*** Opening Given records ***

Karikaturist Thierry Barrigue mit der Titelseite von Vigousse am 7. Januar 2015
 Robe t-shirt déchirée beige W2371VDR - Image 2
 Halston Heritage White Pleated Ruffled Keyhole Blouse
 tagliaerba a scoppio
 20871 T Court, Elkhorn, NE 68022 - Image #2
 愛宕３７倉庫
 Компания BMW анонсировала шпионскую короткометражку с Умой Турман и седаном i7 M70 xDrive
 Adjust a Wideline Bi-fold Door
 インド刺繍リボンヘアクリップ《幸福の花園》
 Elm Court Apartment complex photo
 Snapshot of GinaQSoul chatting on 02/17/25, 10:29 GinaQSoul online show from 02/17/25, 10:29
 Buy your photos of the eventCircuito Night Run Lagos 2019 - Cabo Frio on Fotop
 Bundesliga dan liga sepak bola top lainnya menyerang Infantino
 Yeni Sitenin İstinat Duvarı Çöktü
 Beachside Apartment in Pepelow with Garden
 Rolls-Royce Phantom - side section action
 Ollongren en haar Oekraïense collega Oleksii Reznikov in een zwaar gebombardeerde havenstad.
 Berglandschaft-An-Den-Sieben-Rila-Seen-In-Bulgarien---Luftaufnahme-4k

*** Closing Given records ***

• _Assignment_
The records above must be retyped in full, exactly as written.

• _Task output_
Karikaturist Thierry Barrigue mit der Titelseite von Vigousse am 7. Januar 2015
 Robe t-shirt déchirée beige W2371VDR - Image 2
 Halston Heritage White Pleated Ruffled Keyhole Blouse
 tagliaerba a scoppio
 20871 T Court, Elkhorn, NE 68022 - Image #2
 愛宕３７倉庫
 Компания BMW анонсировала шпионскую короткометражку с Умой Турман и седаном i7 M70 xDrive
 Adjust a Wideline Bi-fold Door
 インド刺繍リボンヘアクリップ《幸福の花園》
 Elm Court Apartment complex photo
 Snapshot of GinaQSoul chatting on 02/17/25, 10:29 GinaQSoul online show from 02/17/25, 10:29
 Buy your photos of the eventCircuito Night Run Lagos 2019 - Cabo Frio on Fotop
 Bundesliga dan liga sepak bola top lainnya menyerang Infantino
 Yeni Sitenin İstinat Duvarı Çöktü
 Beachside Apartment in Pepelow with Garden
 Rolls-Royce Phantom - side section action
 Ollongren en haar Oekraïense collega Oleksii Reznikov in een zwaar gebombardeerde havenstad.
 Berglandschaft-An-Den-Sieben-Rila-Seen-In-Bulgarien---Luftaufnahme-4k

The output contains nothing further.